For the first time in my nine years with Lee Enterprises my annual review falls inside the tidy boudaries of the calendar year. This means I finally stand a decent chance of escaping the Pavlovian responses to August and September, and find my sense of a “new beginning” coming when the calendar flips to January.

So, as I look back at my first year with madison.com (ok, 11 months) it’s difficult to separate some of the personal goals I had for 2011 from my professional goals. And maybe because on the whole, I’m left feeling that while I “scored” very well in achieving what I wanted to personally, my “scores” lacked quite a bit – by my standards – in the professional arena.

Still, there are inklings and hints as the calendar flips to 2012, that the two areas may once again start blending together.

So, what did I set out to accomplish for myself in 2011? How did I score?

  • Write a javascript function from scratch – ok maybe using google – to create something other than an alert box.
  • Be able to play guitar and sing “Long Road,” “Heart of Gold,” or “Gloria” at the same time in a voice that I can be proud of.
  • Earn one freelance gig redesigning someone’s wordpress site.
  • Write something once a week. Anything.
  • Do something will all my old writing.
  • Quit smoking…while I am at the office.

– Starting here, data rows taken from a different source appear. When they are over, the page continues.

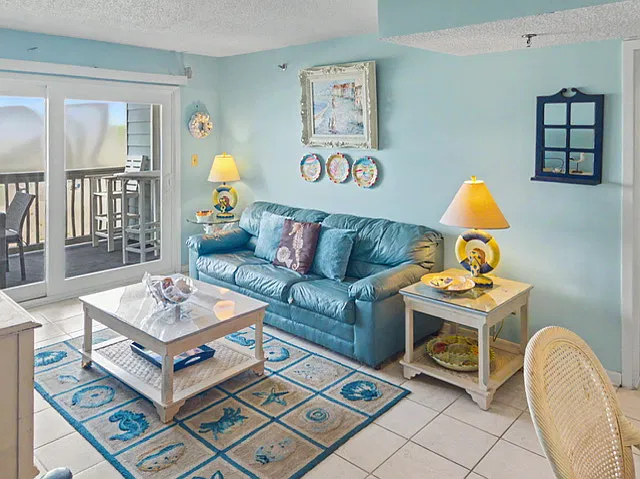 3 bed, 1212 sqft, $3,500 — Photo 2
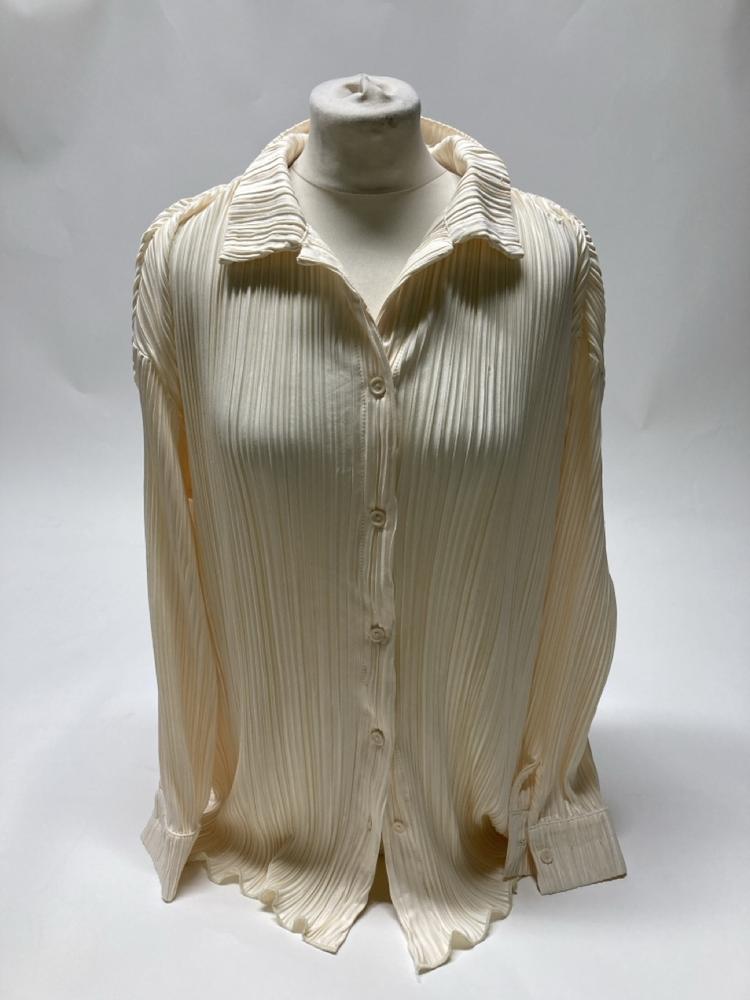 Lot 81  
            Birmingham Premium - Parcel Delivery Only 

                
4TH RECKLESS PLEATED SHIRT (SIZE 8) AND PLEATED TROUSER (SIZE 10) TOTAL ORIGINAL ...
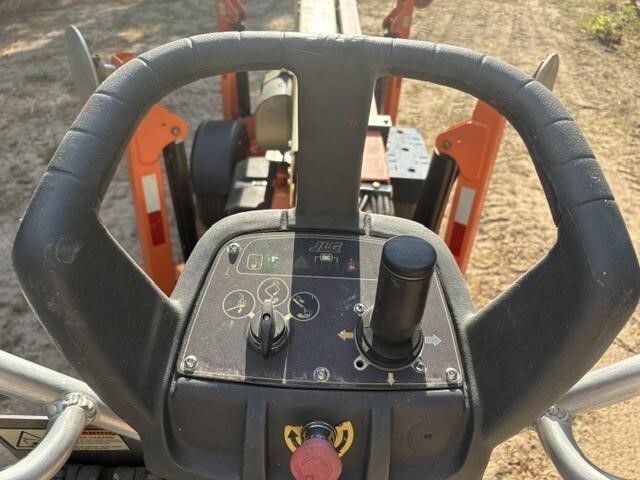 2019 JLG T350-9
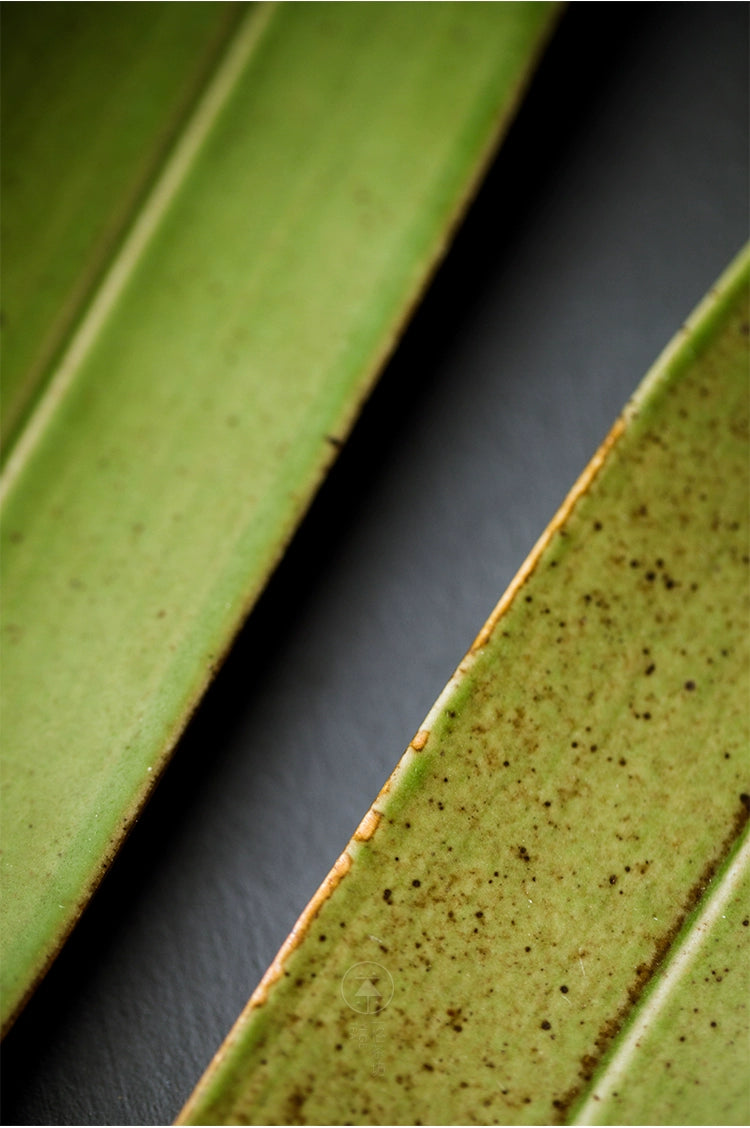 Ceramic Green Bamboo Incense Holder - Yige Bamboo Leaf Ceramic Incense Holder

Outside the office will come in 2012.
  • Record one spoken word piece.

Of these, it feels really good to know that I can bascially cross everything off my list except for playing guitar and singing at the same time – my neighbors are probably very happy that this didn’t happen – and recording a spoken-word piece.

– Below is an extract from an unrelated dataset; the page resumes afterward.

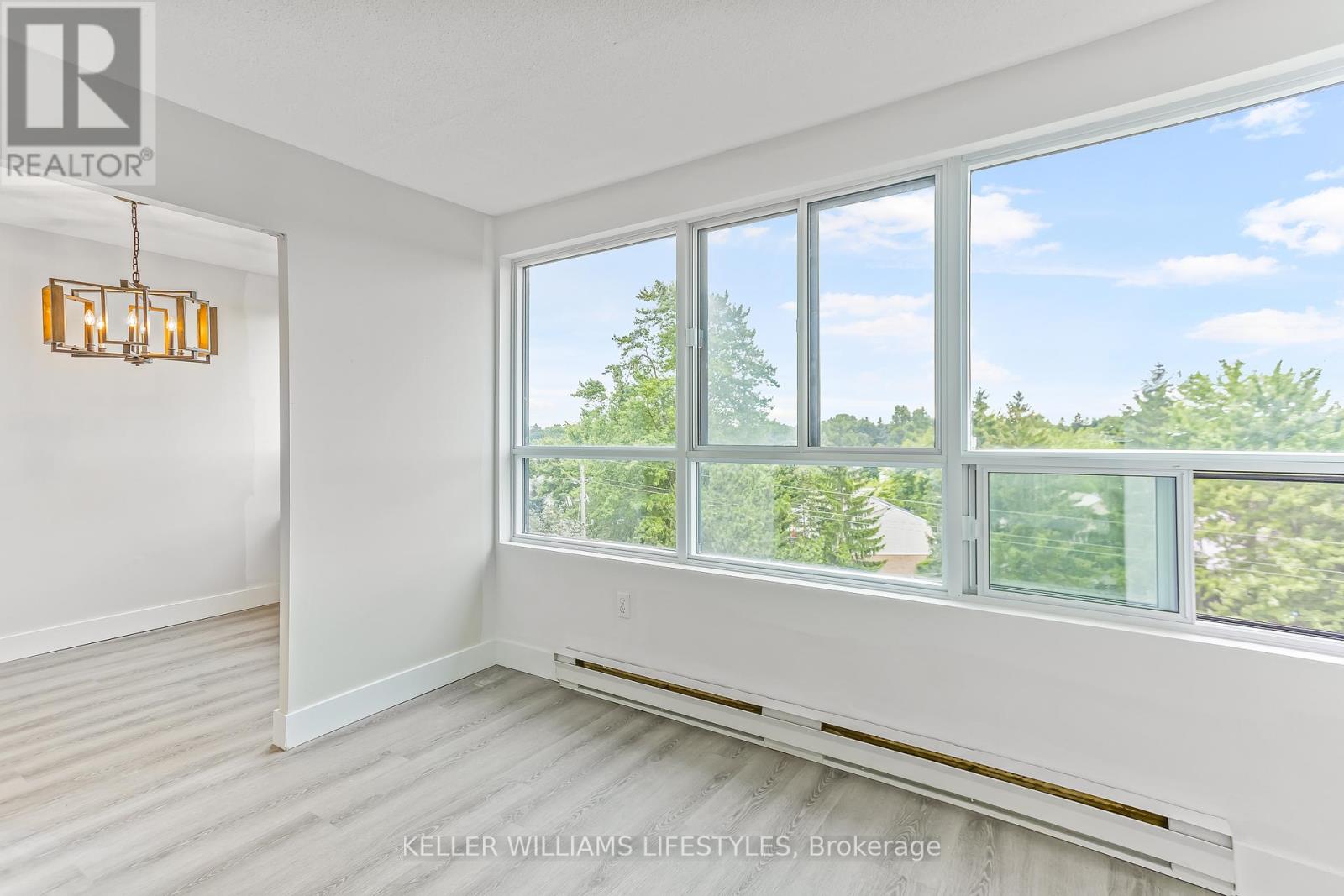 609 - 600 GRENFELL DRIVE, London North (North C)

But I quit smoking straight up – well, save for a few here and there at certain times and in certain places, and though I didn’t do much with my old writing, but I stared at it enough to know what is there and what might be possible, and I combined some of that with my want to learn more javascript to create a short story presentation.

And I don’t know if I wrote something each week, but I think I came close thanks to some opportunities – unforeseen when setting goals in January – that came my way and opened so many other doors and allowed me to accomplish other goals.

For instance, I don’t think it’s a stretch to think that a single tweet from a Lee Enterprises colleague sent me off into a world of Google Fusion Tables and Google Maps API, which provided my a reason to learn javascript and allowed me to learn from John Keefe and others, and turned me onto to the power of tweeting shop with a host or really smart journo-techs, and left me wanting to foster a similar discussion within Lee Enterprises, so I got a company blog to share what I had been learning, and then found out about a little meetup in Chicago where folks would be brainstorming ideas for a project call the Knight-Mozilla MoJo Innovation Challenge, and so I submitted an idea – one of more than 300 that were submitted – and it was selected to be part of a learning lab with 59 other people, and so I submitted a final project for the lab, and that got selected for the next phase which took me to Europe for the first time where I met so many wonderful people that have shaped my thinking about journalism and the web for the better part of six months now, and so I have sought out ways to share that thinking with Communication students at the university I attended – and as byproduct learned that I’m 12 credits short of an associate’s degree, or three total semesters short of getting that elusive four-year degree – or through fostering a discussion with Lee Enterprises colleages.

And if reading that paragraph felt a bit disorienting, living it was a bit more so. Trust me.

So what does 2012 hold? What do I want to accomplish? I aim to write that up later this week, after I finish my performance review. But I’m left feeling the list might include things that you can’t link to on the internet. Character traits seldom have web pages.